The Dirty Dozen Closes (part 2)

by Michael D. Hargrove     


These are the twelve most commonly used closes in the sales industry.

Now, don’t ask me what research firm did the preliminary data acquisition work or what market segments were included, or was a control group used, etc. As far as the “top twelve commonly used” is concerned, I’m guessing, okay? Actually, I was just stumped for a good “opening grabber line” and grew tired of just sitting here, so sue me.

These are just a few of the most common closing strategies shared at the workshops we’ve conducted all across North America. Please keep in mind that nothing works all the time, and no one thing will work for everybody. Each of these strategies, of course, need to be tailored to the individual user, to the specific customer, and the particular situation. Also, this is by no means the definitive work on closing and it’s not intended to be. Heck, some of these things are older than dirt and some of them (in my opinion) deserve the thick dust that’s resting on them.

But don’t let my personal bias sway you at all.
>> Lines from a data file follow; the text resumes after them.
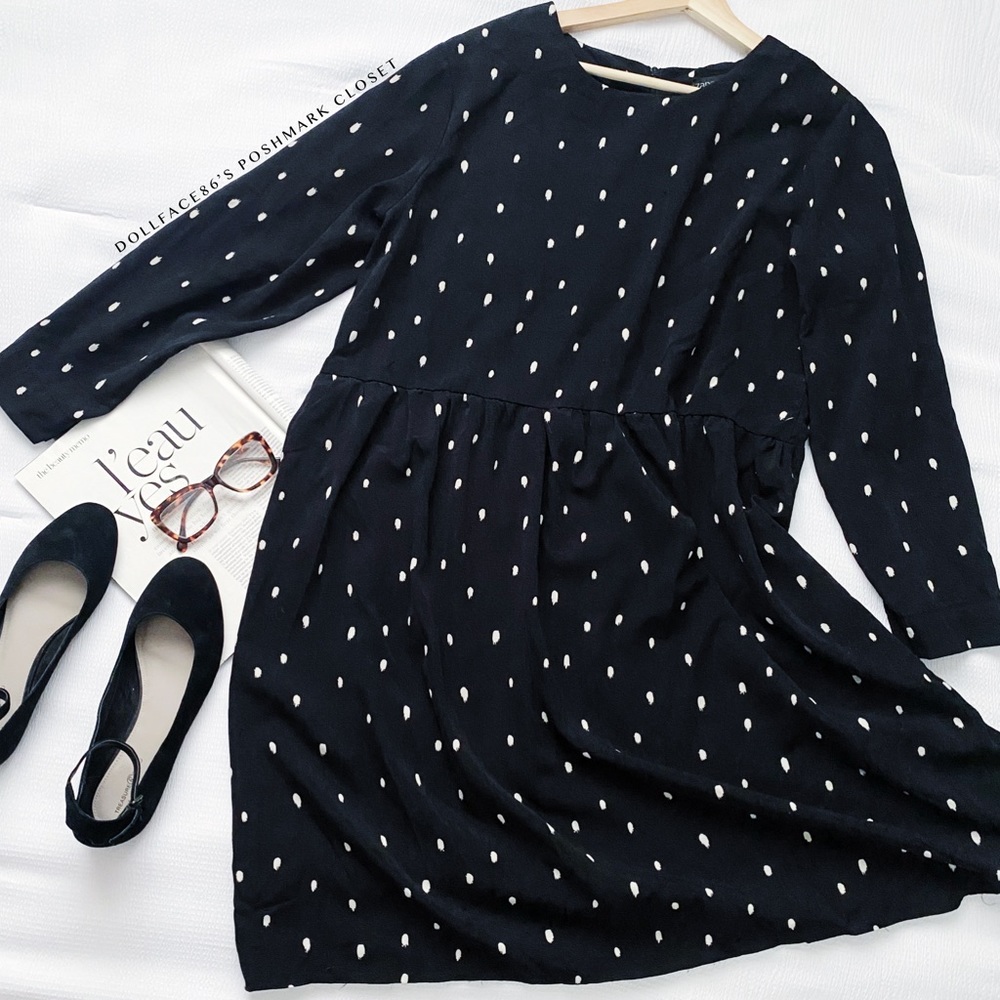 Black & White Long Sleeve Oversized Dress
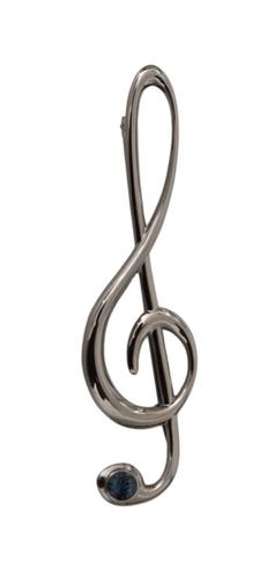 DOLCE & GABBANA SILVER BRASS PIN TREBLE CLEF BROOCH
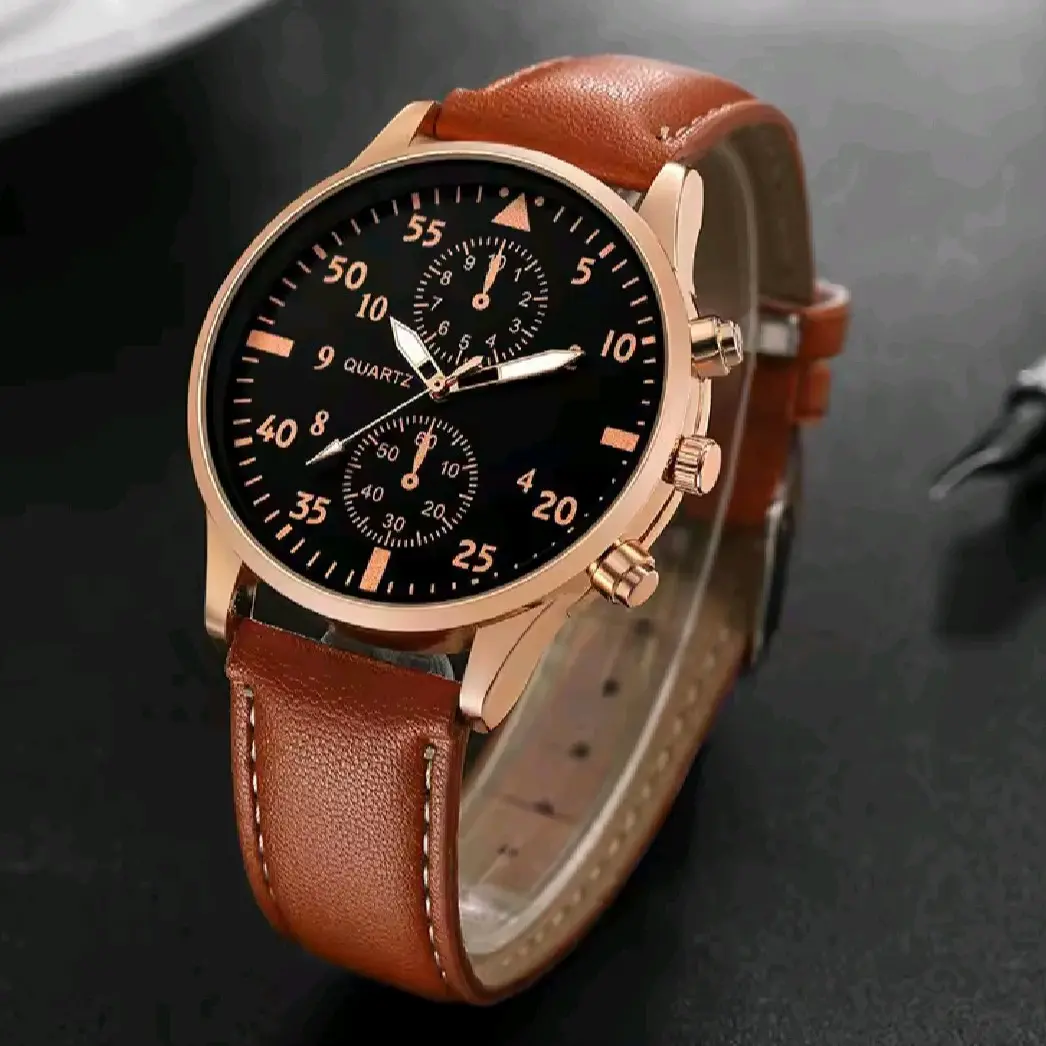 COD Jam Tangan Pria Tali Kulit High Quality Watches Best Seller D-238
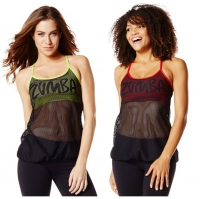 Zumba Mesh With Me Tops Green - Red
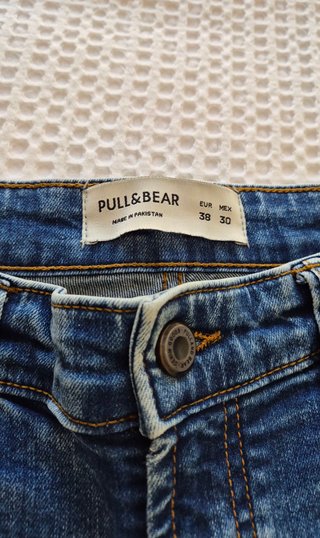 Pantalón ajustado vaquero azul rotos Pull&Bear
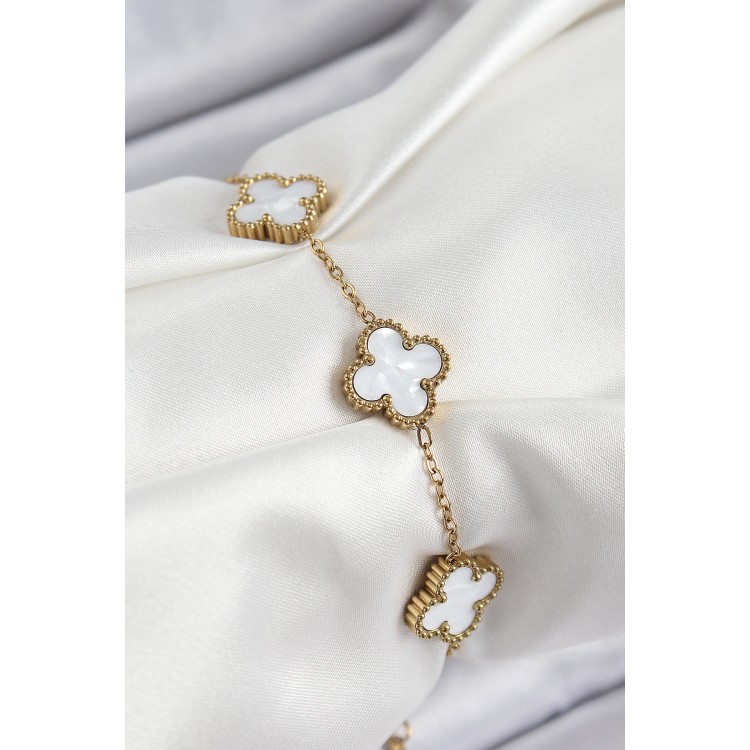 316L Çelik Beyaz Sedef Yonca Model Gold Renk Kadın Bileklik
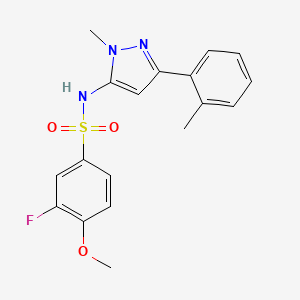 molecular formula C18H18FN3O3S B7668030 3-fluoro-4-methoxy-N-[2-methyl-5-(2-methylphenyl)pyrazol-3-yl]benzenesulfonamide 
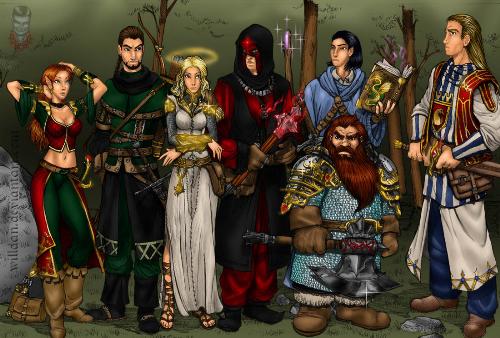 Fellowship of adventurers - Here's a coloration of a drawing my friend Dan made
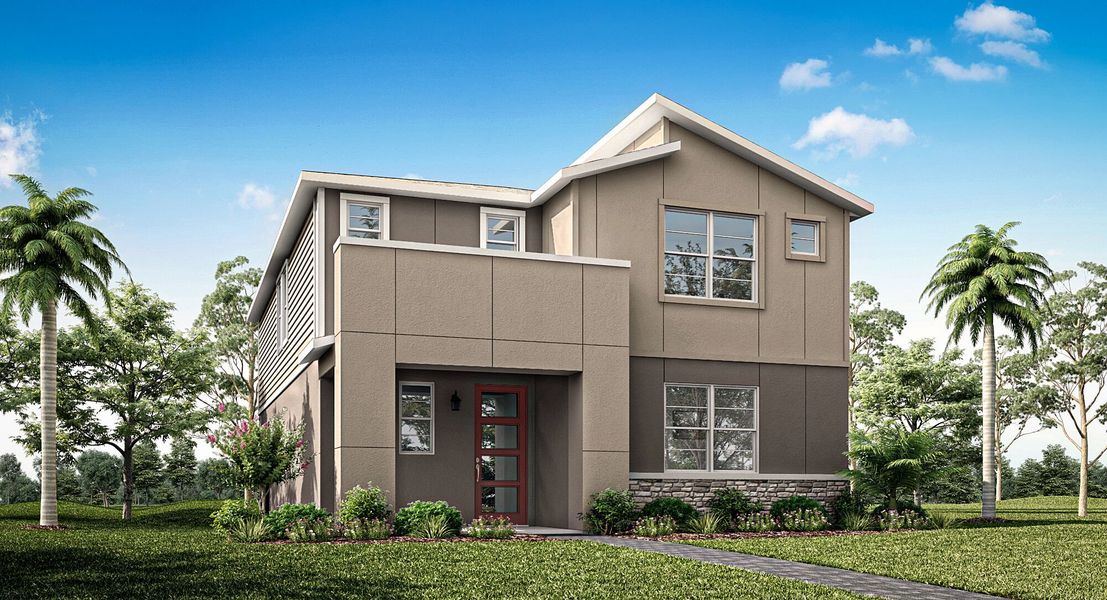 Representative exterior photo of a completed home built from the Windley by Mattamy Homes in Meridian Parks, Orlando, FL (Image 6). Representative exterior photo of a completed home built from the Windley by Mattamy Homes in Meridian Parks, Orlando, FL (Image 6).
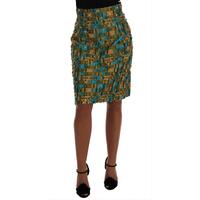 Dolce &amp; Gabbana Green Jacquard High Waist Pencil Skirt 42 IT Women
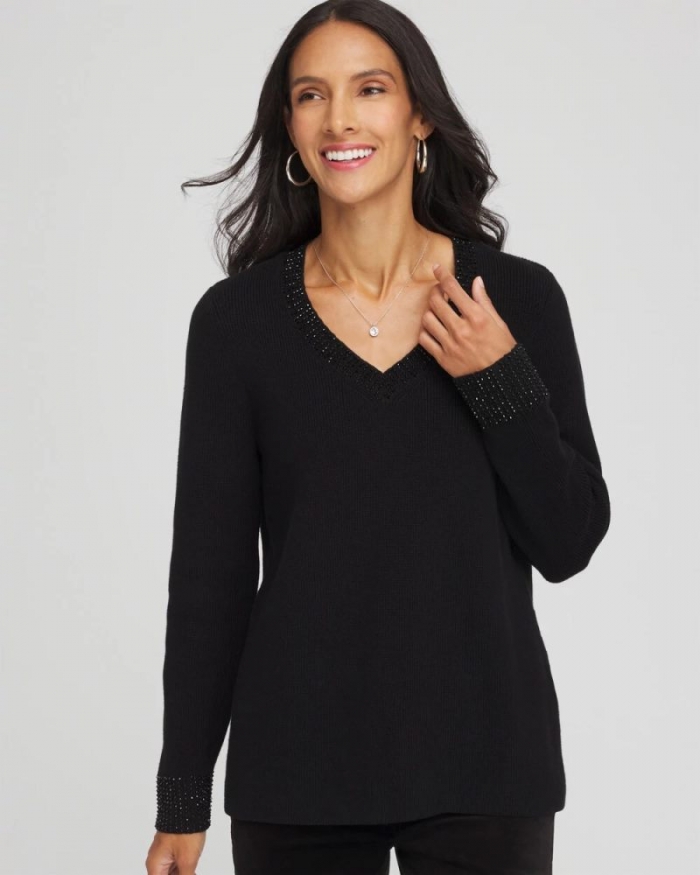 Chicos Embellished V-Neck Pullover Sweater - BLACK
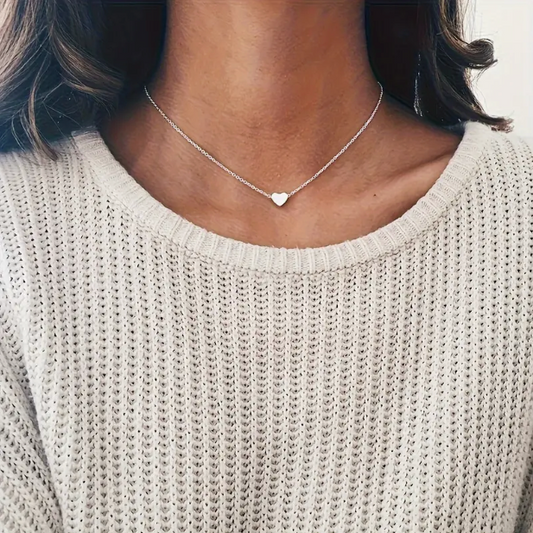 Silver and Gold-Tone Heart Pendant with Necklace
Just because something would never work on us is no reason not to have it in our toolbox. Remember, if all we have are tools that would work on us, then all we’ll ever do is close people who are like us. That’s the quickest way to an income rut that I know of. Besides, some very talented salespeople have told me that they make these strategies work for them. If they can use them successfully, then so can we. So here are the last six.

Buying Criteria Close

1. Summarize how our car satisfies our customer’s dominate buying motives.

a. “You said that your wife will be driving this most of the time didn’t you?” “Yes, I did.” “Both of your sons are with her most of the time too, right?” “Yes” “With the dual airbags, the Antilock Braking system, the impact zones and the All-Wheel Drive we talked about, wouldn’t you agree that this provides all the safety you were hoping to find for your family?” “Yes, definitely.” “Great! Then sounds to me like the only decision you need to make is how to register your new car…did you want it in both names or just your name?”

The Assumptive Close
1. Assume the sale and end with a control question.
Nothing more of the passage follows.